Power Management is a trade-off between how quickly the work is done (performance) versus how much power it takes to do the work (energy). It is about saving power in conjunction with optimizing performance under multiple system constraints like thermal envelopes and power delivery limitations. Every watt saved can be converted into either increased performance or lower energy consumption. This blog is a first of a series of blogs that will describe Power Management capabilities of the POWER9 processor.
The total power consumed in electronic devices is a sum of static power and active power. Static power, also know as DC power, is primarily caused due to leakage from (a) current flowing to ground through 'imperfect switches' and (b) analog device termination. It can be approximated as voltage-squared divided by resistance. Active power, also known as AC power, is primarily caused by wire and transistor switching from both clock and data transitions. It can be approximated as multiplication of capacitance, voltage-square, frequency and a switching factor.
The two primary principles used in the POWER9 processor for power management are:
- When something is not being used, turn if off. This is also called as Idle State power management.
- When something is being utilized, slow it down (to save power) or speed it up (to maximize performance), based on the overall goals or policies set in the system.
In this blog we focus on Idle State power management in the POWER9 processor. Idle state power management in the POWER9 processor uses a combination of two key techniques to achieve different levels of power saving and associated latency to enter and exit these levels.
- Clock Gating: This technique saves Active Power by reducing frequency by turning off clocks from specific regions in the processor. This technique has a low latency but has limited power savings.
- Power Gating: This technique saves Static Power (leakage) by reducing voltage from specific regions in the processor.
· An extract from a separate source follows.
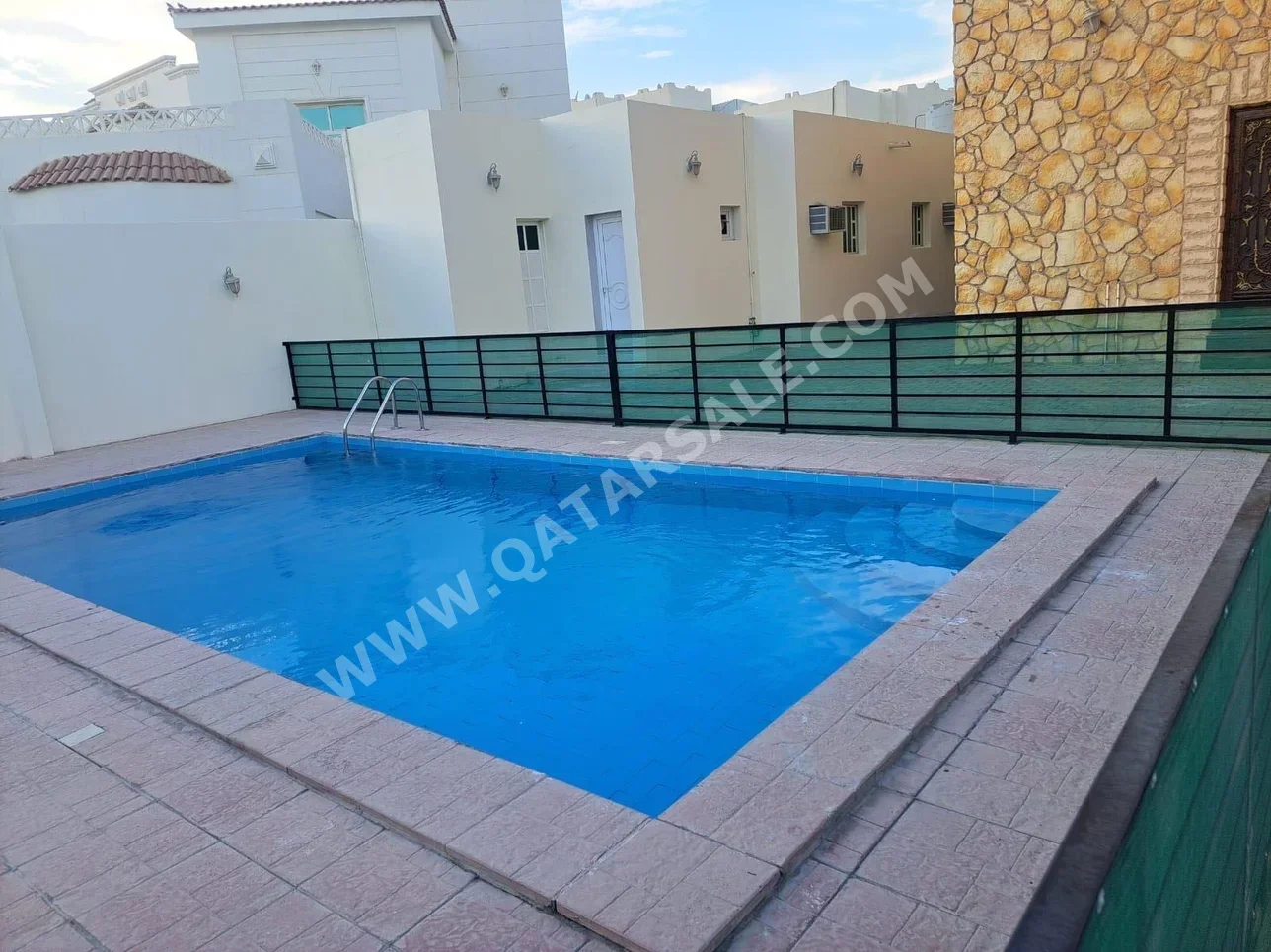 سكن عائلي  - نصف مفروشة  - الدوحة  - لقطيفية  - 8 غرف نوم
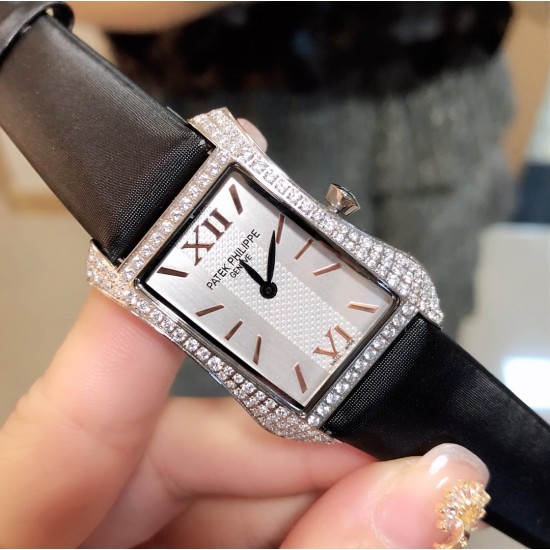 实拍 PATEK PHILIPPE百达翡丽系列 女士腕表(白金表壳搭配沙丁布带,表圈镶嵌天然锆石,蓝宝石玻璃,搭载瑞士石英机芯,尺寸30*34*7毫米) 实拍 PATEK PHILIPPE百达翡丽系列 女士腕表(白金表壳搭配沙丁布带,表圈镶嵌天然锆石,蓝宝石玻璃,搭载瑞士石英机芯,尺寸30*34*7毫米)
This technique has a high latency as well as overheads to restore state in deeper levels, however, offers higher power savings.
A combination of clock gating and power gating at different granularity in the processor allow the POWER9 processor to architect a number of unique and well-defined idle states. Idle states in the POWER9 processor architecture are known as STOP states. Theoretically speaking, POWER9 architecture supports 16 STOP states with increasing levels of power savings. Lowest level of STOP state is known as STOP0 whereas highest level STOP state is known as STOP15. This is analogues to Intel's C States where number 'n' represents deepness of idle state. Not all STOP states are implemented in the POWER9 architecture. STOP states that need to be implemented are governed by energy efficiency they offer, transition times and latency to enter as well as exit the state, complexity involved and energy management policy at system level. The POWER9 architecture supports the following subset of STOP states:
Unlike the previous architecture of the POWER8 processor, POWER9 processor only supports one instruction to enter idle state. POWER ISA (Instruction Set Architecture) has been revised to remove legacy idle state instructions (nap, sleep, winkle ). A new instruction, 'stop', has been added for this purpose to the ISA. Legacy code using these instruction need its replacement with a small sequence of instructions. In order to enter a valid STOP state, the Hypervisor or OS needs to write the targeted STOP state to a newly introduced Special Purpose Register - PSSCR (Processor Stop State Control Register). It also needs to execute instruction 'stop' on all threads. This simple hardware abstraction, via the POWER9 ISA, allows the Hypervisor or OS to request the core and caches in the POWER9 chip to automatically enter into the deepest idle power saving state possible under the current operating conditions. What level of STOP state to request and when is a choice to be made by the Hypervisor or OS based on a complex combination of various system wide power saving policies like Idle Power Saver Mode, performance and core requirements of the workload being run and other system aspects like thermal constraints, which are beyond the scope of this blog.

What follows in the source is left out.